Failure in Spain was compensated for in Italy. Without waging war Louis made himself virtual arbiter of the fate of the principalities in the north, and his court was always besieged by ambassadors from them. After the death of Charles the Bold, Yolande, duchess of Savoy, was obliged to accept the control of Louis, who was her brother. In Milan he helped to place Lodovico il Moro in power in 1479, but he reaped less from this supple tyrant than he had expected. Pope Sixtus IV. the enemy of the Medici, was also the enemy of the king of France. Louis, who at the opening of his reign had denounced the Pragmatic Sanction of 1438, had played fast and loose with the papacy. When Sixtus threatened Florence after the Pazzi conspiracy, 1478, Louis aided Lorenzo dei Medici to form an alliance with Naples, which forced the papacy to come to terms.

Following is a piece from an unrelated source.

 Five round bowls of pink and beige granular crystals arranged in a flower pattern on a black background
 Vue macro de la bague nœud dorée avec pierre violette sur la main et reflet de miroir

More than any other king of France, Louis XI. was a “bourgeois king.” The upper bourgeois, the aristocracy of his “good cities,” were his allies both against the nobles and against the artisan class, whenever they revolted, driven to desperation by the oppressive royal taxes which furnished the money for his wars or diplomacy. He ruled like a modern capitalist; placed his bribes like investments in the courts of his enemies; and, while draining the land of enormous sums, was pitiless toward the two productive portions of his realm, the country population and the artisans. His heartlessness toward the former provoked even an accomplice like Commines to protest. The latter were kept down by numerous edicts, tending to restrict to certain privileged families the rank of master workman in the gilds. There was the paternalism of a Frederick the Great in his encouragement of the silk industry,—“which all idle people ought to be made to work at,”—in his encouragement of commerce through the newly acquired port of Marseilles and the opening up of market placed. He even dreamed of a great trading company “of two hundred thousand livres or more,” to monopolize the trade of the Mediterranean, and planned to unify the various systems of weights and measures. In 1479 he called a meeting of two burgesses from each “good city” of his realm to consider means for preventing the influx of foreign coin. Impatient of all restraint upon his personal rule, he was continually in violent dispute with the parlement of Paris, and made “justice” another name for arbitrary government; yet he dreamed of a unification of the local customary laws (coûtumes) of France. He was the perfect model of a tyrant. The states-general met but once in his reign, in 1468, and then no talk of grievances was allowed; his object was only to get them to declare Normandy inalienable from the crown. They were informed that the king could raise his revenue without consulting them. Yet his budgets were enormously greater than ever before. In 1481 the taille alone brought in 4,600,000 livres, and even at the peaceful close of his reign his whole budget was 4,655,000 livres—as against 1,800,000 livres at the close of his father’s reign.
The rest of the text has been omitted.